What to Know About Generation Z User Behavior Data

Alex Li

Alex Li

Founder / CEO

March 31, 2022

Generation Z, however, is a bucket all its own mainly because a significant portion of this demographic is still too young to be independent consumers of tech and other products and services. But with the growing power of predictive and Augmented Analytics, early user behavior analytics and data are highly useful in understanding future behaviors and priorities.

According to Pew Research, members of Generation Z were born between 1996 and 2012, putting their current age range between eight and 24 years old. So, those not in grade school are new to the workforce and therefore have a much lower disposable income than their Millennial and Gen X counterparts. But don’t underestimate their importance–the birth group will account for 40% of the nation’s consumer dollars.

As Amir Ghodrati, App Annie’s director of market insights said in an interview with Mobile Marketer,

“As [Gen Z] spending power grows, they’re starting to establish consumer habits and brand loyalty on mobile…If you’re trying to set yourself up for the future, you need to set yourself up for success for Gen Z now before those habits are established, because it’s going to be harder to switch someone from one service to another.”

Why is knowing user behavior analysis and understanding consumer psychology so crucial for this generation? Because they are so complicated, marketers have split them out into five groups. We’ve compiled some interesting data around user behavior for Gen Z (sometimes nicknamed “Zoomers”):

60% of Generation Z make online purchases “often or very often,” with food being the biggest spending area.

User Behavior_5_Tik Tok

Video content ranks third for most viewed on mobile with Gen Z (peaking in the evening), and YouTube is their platform of choice (85% of teens are active on it). 81% reported putting on a video via mobile while multi-tasking.

On par with Millennial user behavior, Gen Z most commonly uses Snapchat, Reddit, and TikTok.

Gen Z loves Spotify, as audio streaming has been a part of their daily lives (as opposed to being introduced as a new technology at an older age). In a study, 50% of Gen Z consumers expressed an emotional attachment to Spotify.

Even though Millennials are often criticized for their love of come-to-me convenience, data says Generation Zers are the ones driving the food industry’s mobile order and delivery trend. In a recent survey, they ordered from fast-casual apps five times in the last six months, surpassing other generations.

55% use their smartphones at least five hours a day, despite that their attention span measures a few seconds less than Millennials. They are especially advocates (94%) for personal technology devices in the classroom–and as an educational and information-gathering tool, in general.

This generation has a 30% higher engagement rate with mobile apps vs. other generations.

Health is important to Generation Z. More than 15% turn to mobile apps for health and fitness management, and 11% “would do so if offered by a physician,” which is a higher rate than Millennials and Baby Boomers. Over half of Gen Z reports they exercise weekly. This kind of persistence crosses over to the workplace, with almost one-third expressing interest in entrepreneurship.

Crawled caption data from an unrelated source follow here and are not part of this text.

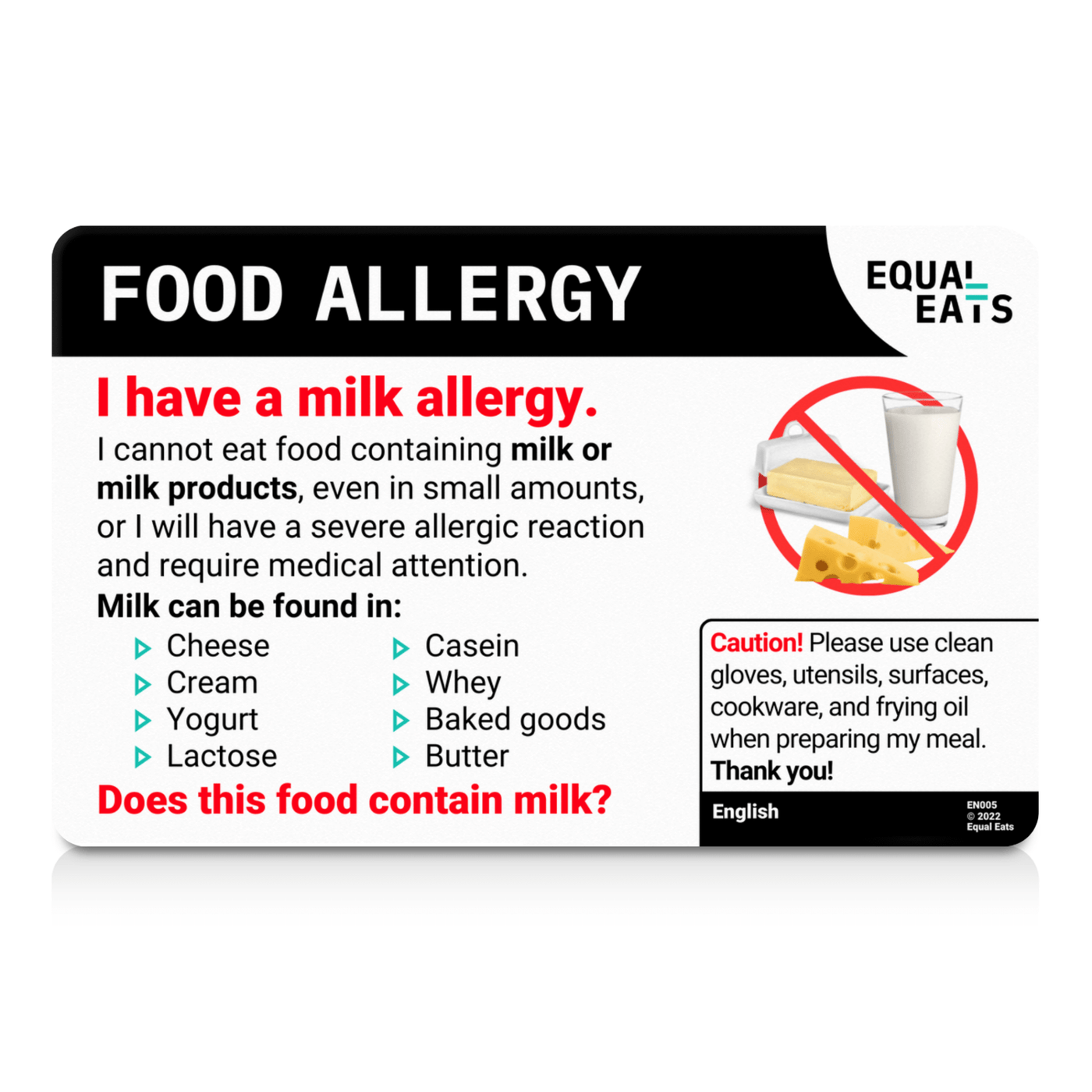 Hindi Milk Allergy Card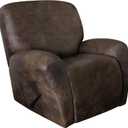 Recliner Chair Covers Leather Like, 4 Pieces Lazy Boy Recliner Cover for Recliner Chair, Soft Sofa Slipcover Furniture Protector Washable Sofa Cover for Pets Kids (X-Large, Dark Brown) (1 XL Seater)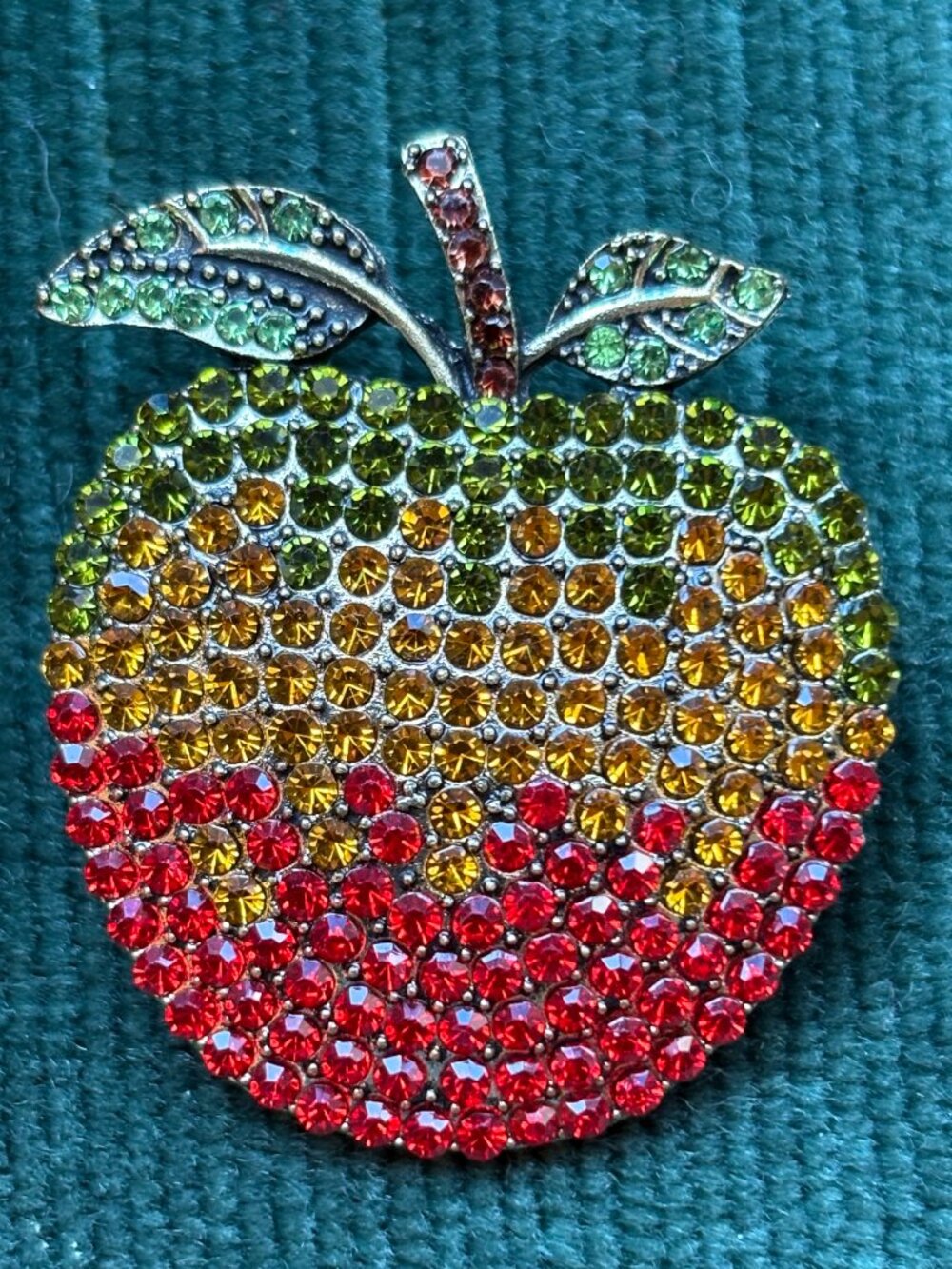 Fruit Brooch with Colorful Rhinestones-New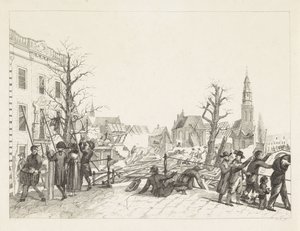 Ruïnes te Leiden na de buskruitramp, 1807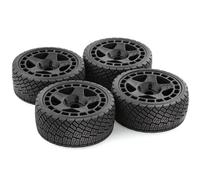 Piezas EspecíFicas RC para Arrma para WRC para KM Citroën C3 Feishen para Mustang CNE 1/7 1/8 Juego Neumáticos Ruedas 17mm/14mm Hex W197 RC Accesorios Actualización(Black)
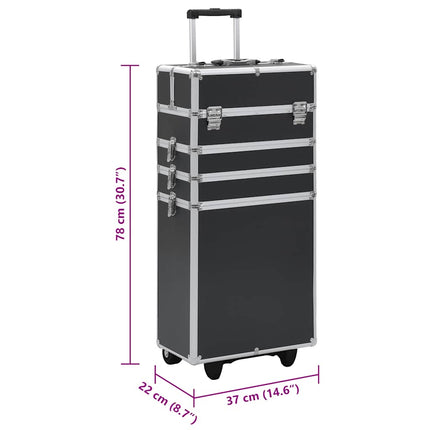 makeupkuffert aluminium sort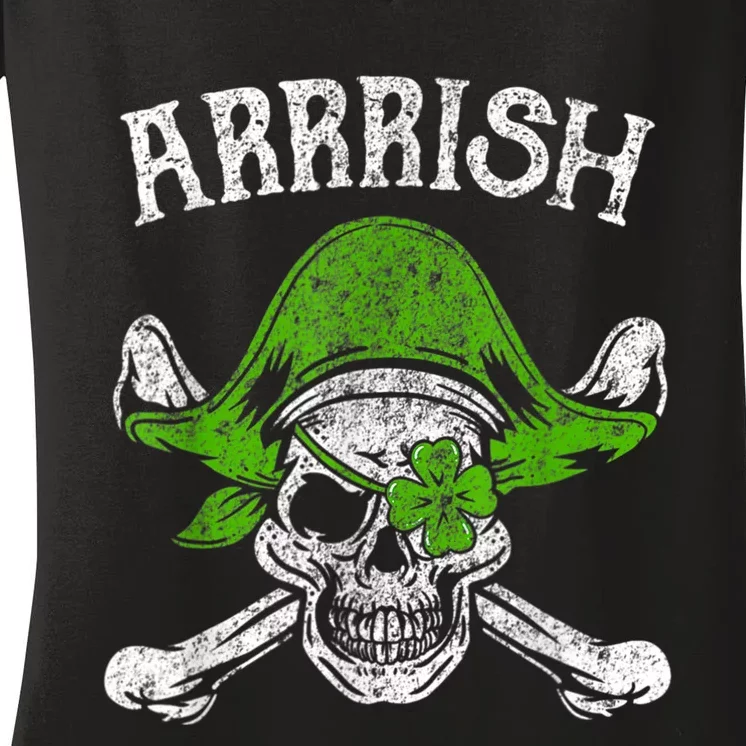 Arrrish Irish Shamrock Clover Skull St Patricks Day Women's V-Neck T-Shirt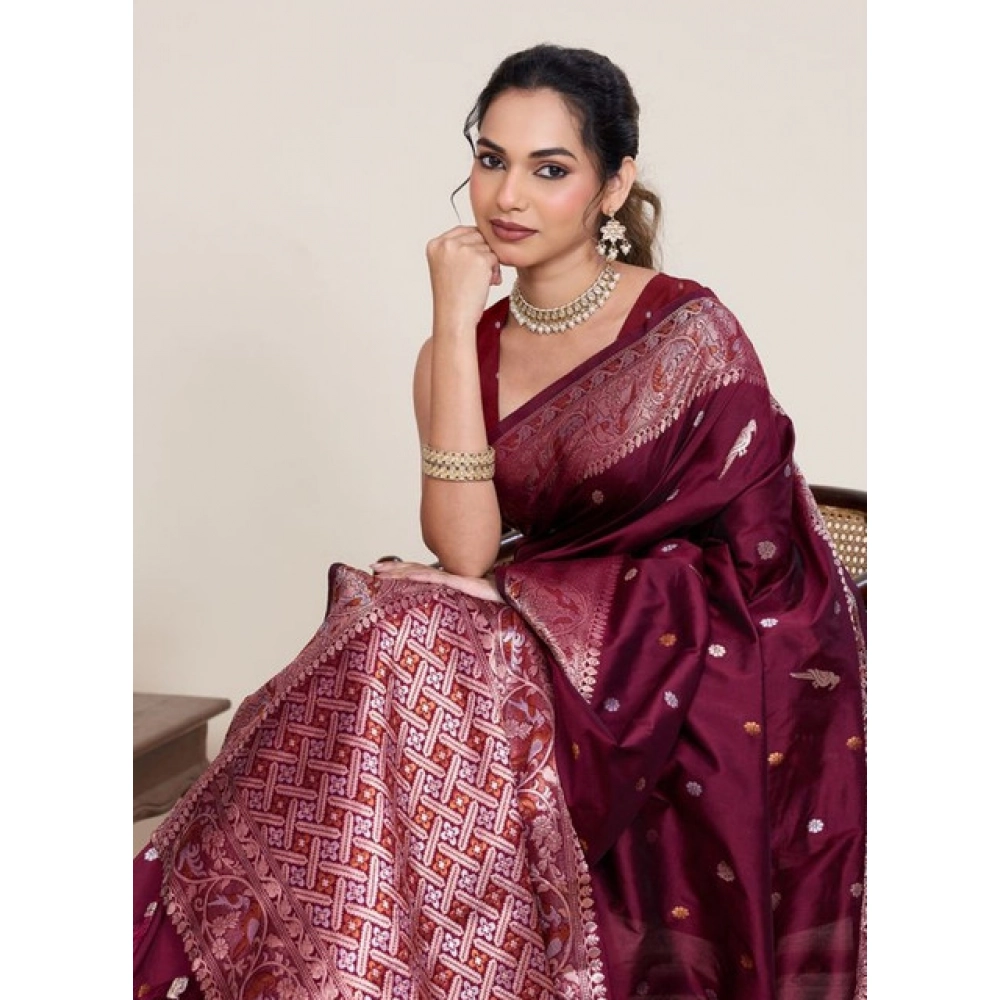 Generic Women's Jacquard Woven Saree With Unstitched Blouse 5.5Mtr (Maroon) - Image 2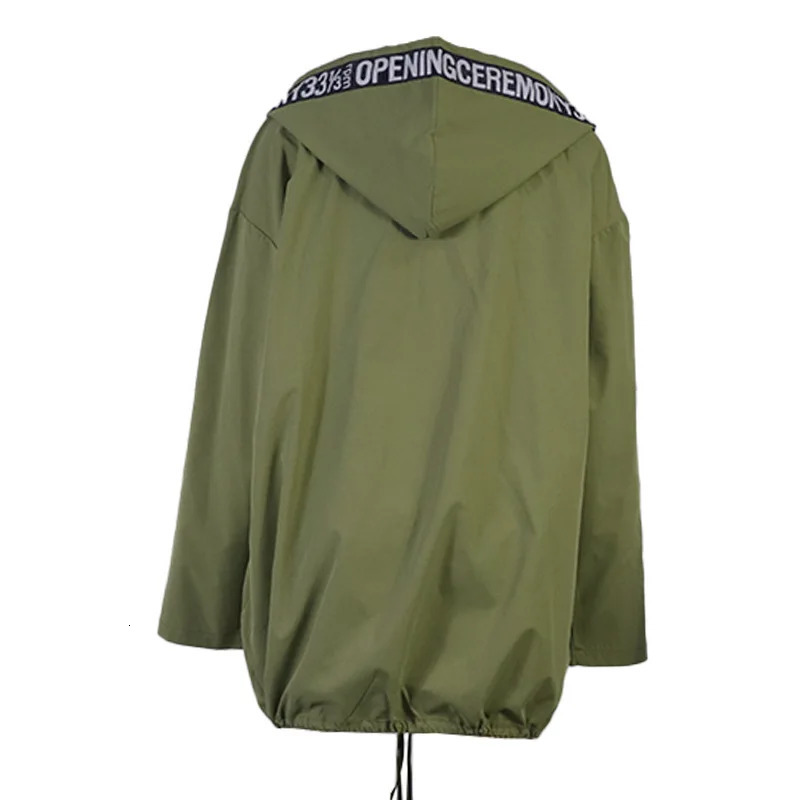 BAMBOOBOY Letter Print Green Trench Coat Spring Autumn Women Long Coat Loose Zipper Hooded Long Sleeve Overcoat Windbreaker 241127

Members of Gen Z rank their top five interests as media, with music, films, and gaming. 12% have paid for bot assistance in gaming–spending around $200.

Gen Z is digitally native and easily adapts to new technology. For example, 56% believe virtual reality will be a part of the hiring process in the near future; 62% believe AI and automation will enhance the workplace.

They care more about owning up-to-date technology–particularly mobile tech–than a loftier financial status.

Price is the #1 determining factor in their purchase decisions, with a brand’s social media being the third most influential! Despite that, Gen Zers are more likely to go to a website than a social media profile when learning about new brands.

Brands that want to foster Gen Z’s brand loyalty will need to demonstrate political involvement in a way that yields social benefit–9 in 10 believe a company has a responsibility to the environment.